● **YOUR OBJECTIVE**:
Every line that holds the word "standing" needs to be copied from the data below.

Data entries
****************************************

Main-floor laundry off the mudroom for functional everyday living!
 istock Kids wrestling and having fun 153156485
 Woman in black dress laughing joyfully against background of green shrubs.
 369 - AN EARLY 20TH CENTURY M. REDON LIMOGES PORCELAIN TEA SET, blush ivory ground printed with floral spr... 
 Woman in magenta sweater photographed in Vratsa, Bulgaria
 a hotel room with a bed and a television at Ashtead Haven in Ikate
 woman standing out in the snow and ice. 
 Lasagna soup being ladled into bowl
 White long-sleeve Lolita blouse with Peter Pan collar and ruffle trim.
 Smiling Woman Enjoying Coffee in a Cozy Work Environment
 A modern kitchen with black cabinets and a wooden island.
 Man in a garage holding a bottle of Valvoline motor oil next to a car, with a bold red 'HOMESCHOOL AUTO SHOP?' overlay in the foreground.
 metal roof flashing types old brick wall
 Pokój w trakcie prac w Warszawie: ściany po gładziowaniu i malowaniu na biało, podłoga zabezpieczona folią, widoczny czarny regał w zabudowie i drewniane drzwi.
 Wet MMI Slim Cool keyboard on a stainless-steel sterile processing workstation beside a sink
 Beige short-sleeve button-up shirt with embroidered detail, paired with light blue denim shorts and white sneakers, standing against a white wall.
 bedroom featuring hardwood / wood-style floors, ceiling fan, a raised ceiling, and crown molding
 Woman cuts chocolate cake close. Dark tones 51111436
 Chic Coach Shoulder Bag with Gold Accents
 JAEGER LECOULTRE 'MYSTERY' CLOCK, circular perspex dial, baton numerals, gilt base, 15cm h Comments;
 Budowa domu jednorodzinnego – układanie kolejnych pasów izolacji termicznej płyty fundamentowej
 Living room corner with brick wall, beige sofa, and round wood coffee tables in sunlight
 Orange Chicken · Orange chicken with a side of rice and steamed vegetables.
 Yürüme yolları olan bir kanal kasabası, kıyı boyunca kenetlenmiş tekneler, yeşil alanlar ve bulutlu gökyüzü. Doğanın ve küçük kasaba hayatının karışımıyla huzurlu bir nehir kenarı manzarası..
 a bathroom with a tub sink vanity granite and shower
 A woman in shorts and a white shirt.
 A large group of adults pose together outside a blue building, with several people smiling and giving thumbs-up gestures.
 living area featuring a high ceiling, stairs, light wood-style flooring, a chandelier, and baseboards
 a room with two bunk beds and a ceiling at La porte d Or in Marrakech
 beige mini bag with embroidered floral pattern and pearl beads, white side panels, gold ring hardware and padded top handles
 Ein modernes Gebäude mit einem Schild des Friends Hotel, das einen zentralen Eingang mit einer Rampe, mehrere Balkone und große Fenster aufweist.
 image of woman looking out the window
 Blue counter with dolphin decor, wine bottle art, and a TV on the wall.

****************************************

● **TASK ANSWER**:
 woman standing out in the snow and ice. 
 Beige short-sleeve button-up shirt with embroidered detail, paired with light blue denim shorts and white sneakers, standing against a white wall.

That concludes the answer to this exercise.